Relacionamento: tocando a vida

“Quero poder tocar minha vida”. Essa é a frase que mais ouço dos clientes que buscam a PNL por causa de um relacionamento terminado ou em crise. Às vezes, a pessoa nem tem certeza se quer terminar, mas parece ser o único caminho viável para voltar a ter algum bem-estar. Existe um limite mental e físico para o sofrimento. Inconscientemente, sabemos que, em algum momento, esse sentimento vai aparecer no corpo. Para evitar a dor, passamos a priorizar os âmbitos da vida que estão bem, pode ser o trabalho, atividades sociais ou práticas esportivas.

A questão das relações humanas permeia toda a vida. As pessoas são diferentes em suas percepções de mundo e ricas em suas experiências, portanto, o convívio sempre será um tanto desafiador. Quando falamos das relações amorosas, seja morando com a pessoa ou não, tendo filhos ou não, essas dores envolvem expectativas frustradas. Muitas vezes, há uma sensação de fracasso ou rancor perante o outro e até si mesmo pelas palavras ditas sem pensar, atitudes precipitadas ou mentiras. A relação vira uma montanha-russa de sentimentos antagônicos entre rancor e amor, gerando até sintomas físicos.

Quando questiono meus clientes sobre o que aconteceu e precisa ser trabalhado, todos tendem, de alguma forma, a justificar os seus próprios comportamentos e também os do outro. E, acreditem, nem todas as condutas são justificáveis. Perceber que a responsabilidade da situação é dividida faz surgir uma real preocupação e carinho com o atual ou o antigo relacionamento. É necessário entender que a superação de toda situação inicia-se por meio do perdão, a si mesmo e com quem você divide ou já dividiu a vida.

Todo perdão precisa incluir o autoperdão, independente da justificativa para as atitudes da outra pessoa. Perdoamos a nós mesmos por aquilo que nos faz sentir culpados. Tocar a vida começa por retirar a raiva que vem de dentro. Se você quiser aprender sobre a técnica do perdão usada pela PNL, clique aqui.

Quando o relacionamento é antigo, existe insegurança quanto à capacidade de se envolver novamente, se abrir para novas pessoas e até sobre um possível recomeço na relação atual. É como se tivesse esquecido a maneira como as coisas fluíam antes desse relacionamento. Nesse caso, vale fazer uma visualização criativa, lembrando o quão bom é conhecer gente nova e ser capaz de reconstruir sua vida. Se possível, traga uma dessas pessoas à mente e se imagine no lugar dela.

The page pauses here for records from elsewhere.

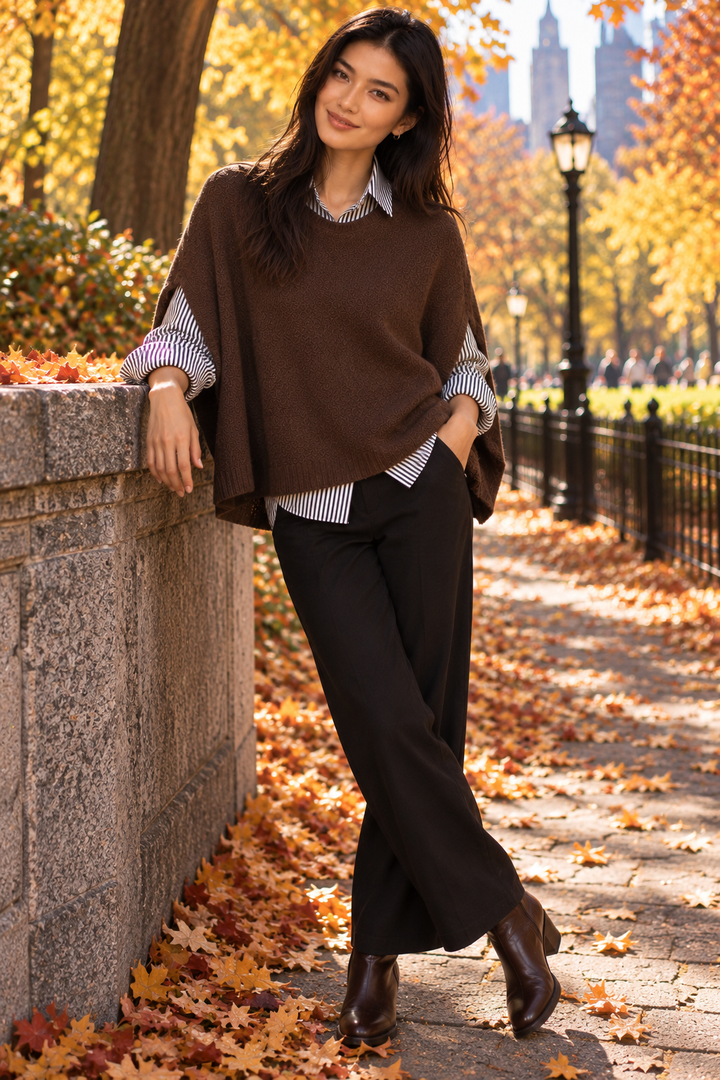 Marblehead Recycled Cashmere Capelet - Cocoa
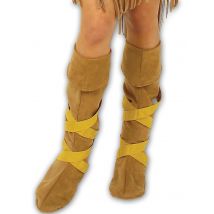 Indianerin Stiefelstulpen braun-beige - Größe Einheitsgröße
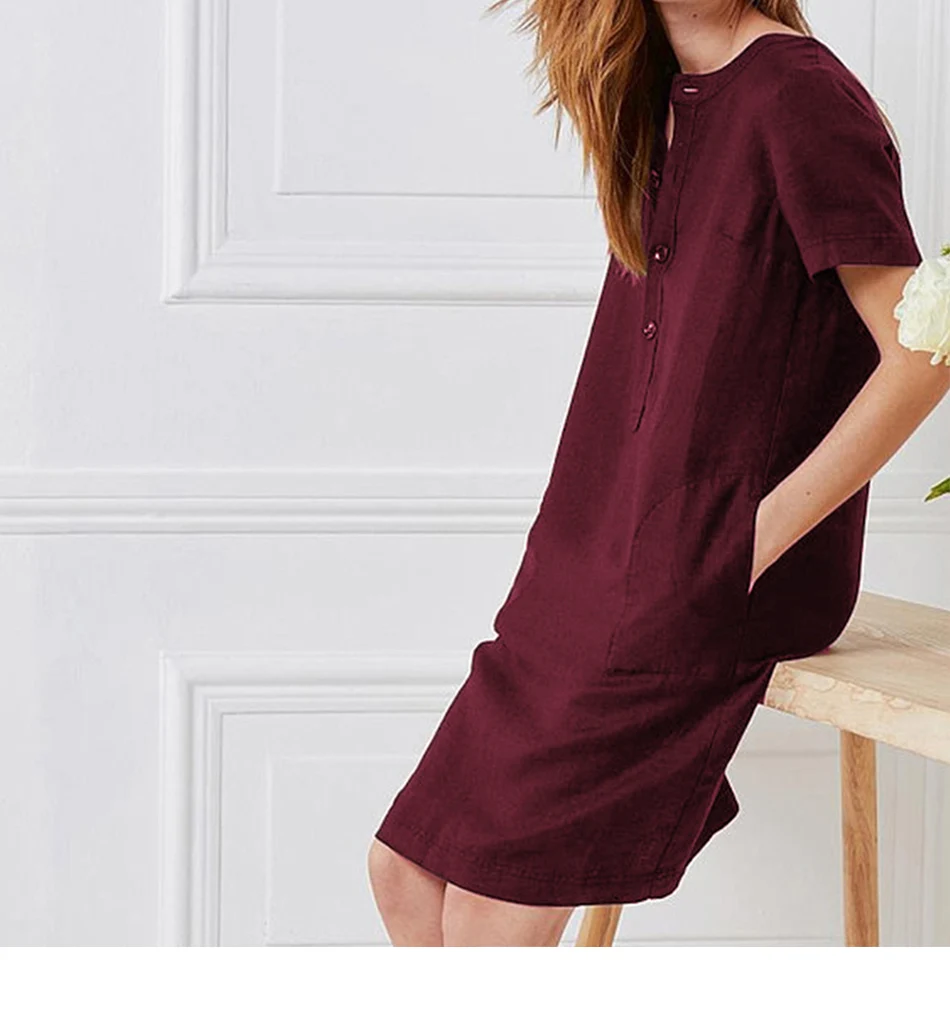5XL размера плюс повседневное свободное женское летнее платье, однотонное хлопковое льняное платье-рубашка с О-образным вырезом и коротким рукавом, офисное женское тонкое платье миди
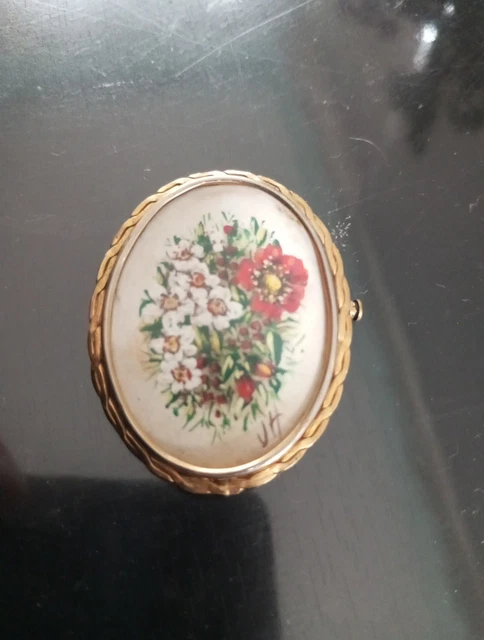 Magnifique Broche Ancienne Avec Peinture Miniature Signée F.L - Argentée, Origine France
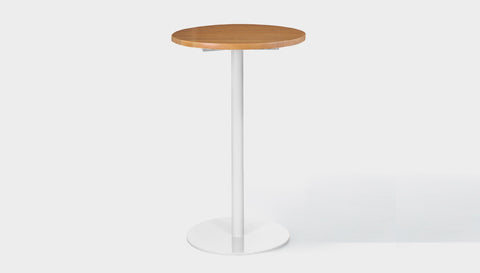 reddie-raw round 60dia x 100H *cm / Solid Reclaimed Wood Teak~Natural / Metal~White Bob Pedestal Cafe & Bar Table (2 heights)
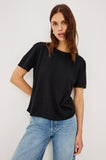 Cotton Cashmere Short Sleeve Tee in black, close up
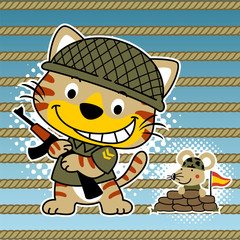cute animals soldier cartoon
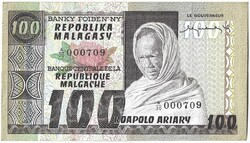 100 frank francs 20 ariary 1974-75 Madagaszkár Malgas Malagasy Köztársaság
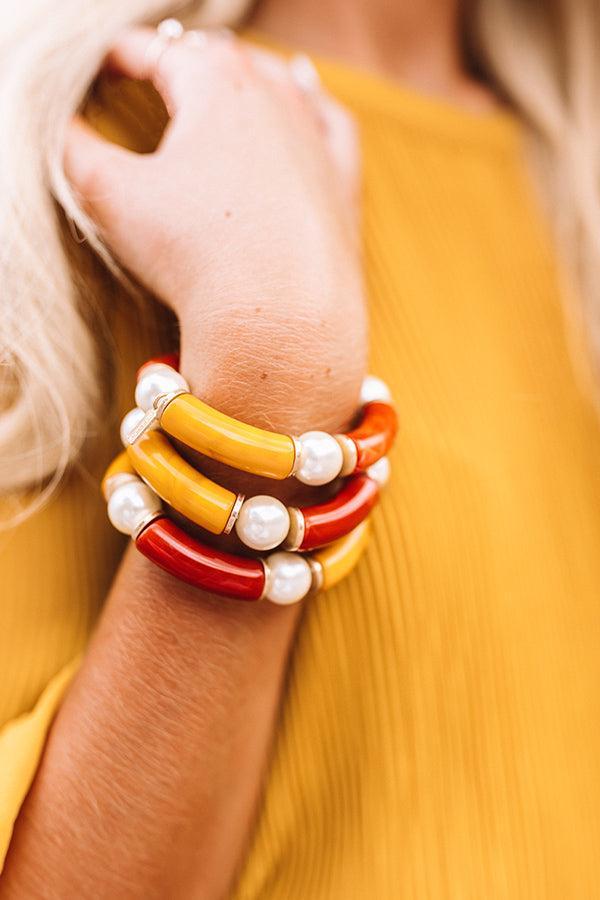 Lelani Resin Color-Block And Glass Pearl Stretch Bracelet in Rusty Caramel Product Image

Mas, principalmente, resgate todos os motivos saudáveis e positivos pelos quais você merece um relacionamento muito bom.

Outra etapa importante é melhorar a comunicação com todos os envolvidos, principalmente com o (a) ex ou atual. Para isso, não são utilizadas as mesmas técnicas de uma negociação, basta se colocar no lugar do outro. O objetivo é criar a empatia que desapareceu em algum momento do relacionamento.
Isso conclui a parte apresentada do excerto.